A tia de Castafiori recordou a passagem de ano em frente à ópera de Sidney, recordou uma noite gelada e branca na Boémia, outra sob a chuva de Edimburgo, e duma tequilla enganadora na cidade do México. Eu sei lá onde a tia de Castafiori não passou o ano! Era isto que me contava ontem madame Castafiori quando, pouco passava da hora de almoço, quis saber das minhas melhoras. E confessou-me o seguinte: onde ela gostava de estar era no Funchal, num hotel de 5 estrelas, muito quentinha, ela insistiu, 'muito quentinha', a ver o fogo de artifício duma varanda sobre a baía, com os lábios molhados em Don Perignon.

Qual não foi, pois, a decepcão de Castafiori quando a tia lhe disse que bom, bom, era o fogo de artifício do Funchal, sim, mas visto do mar, coisa que ela, tia, evidentemente já tinha experimentado.
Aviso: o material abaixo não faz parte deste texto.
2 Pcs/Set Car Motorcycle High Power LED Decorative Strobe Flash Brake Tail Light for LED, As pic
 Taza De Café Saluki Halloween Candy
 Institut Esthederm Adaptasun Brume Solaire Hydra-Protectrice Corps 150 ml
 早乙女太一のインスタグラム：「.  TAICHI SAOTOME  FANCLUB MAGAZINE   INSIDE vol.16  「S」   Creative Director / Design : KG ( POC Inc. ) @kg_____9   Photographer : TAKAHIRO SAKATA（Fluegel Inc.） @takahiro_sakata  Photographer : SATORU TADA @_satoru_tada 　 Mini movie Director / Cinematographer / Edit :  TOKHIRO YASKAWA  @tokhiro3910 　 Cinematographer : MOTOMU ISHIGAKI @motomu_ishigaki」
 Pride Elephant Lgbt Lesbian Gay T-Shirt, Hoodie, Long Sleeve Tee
Mas julgue-o quem não pode experimentá-lo, acrescentou (a tia foi professora de Português ainda no tempo dos Lusíadas).

Castafiori condescendeu, depois de perceber que aquele 'muito quentinha' não era evidente - alguém lhe explicou que entre a Madeira e a Europa central há muitas coisas semelhantes, mas não o clima. Durou, porém, pouco a possibilidade. Os fantasmas habituais de Castafiori começaram a cercar-lhe a cabeça: viu-se no meio de uma multidão, a apanhar um barquinho pequenino, com pessoas a espirrarem para cima dela, outros a deixarem cair a cinza do charuto às doze badaladas, mulheres a desejar pelo telemóvel 'boas entrada e melhores saídas' às amigas em Ermesinde, flashs, muitos flashs, ah, os flashs, os sorrisos, os beijos, os abraços para os flashs. Não, nunca trocaria a sua varanda de luxo, donde lograria, 'muito quentinha', a visão do fogo a rasgar a noite atlântica, por um bote de passagem do ano no meio da baía. Eu concordei: "- Ainda se fosse no Queen Elizabeth...". Kung hey fat choi, Castafiori!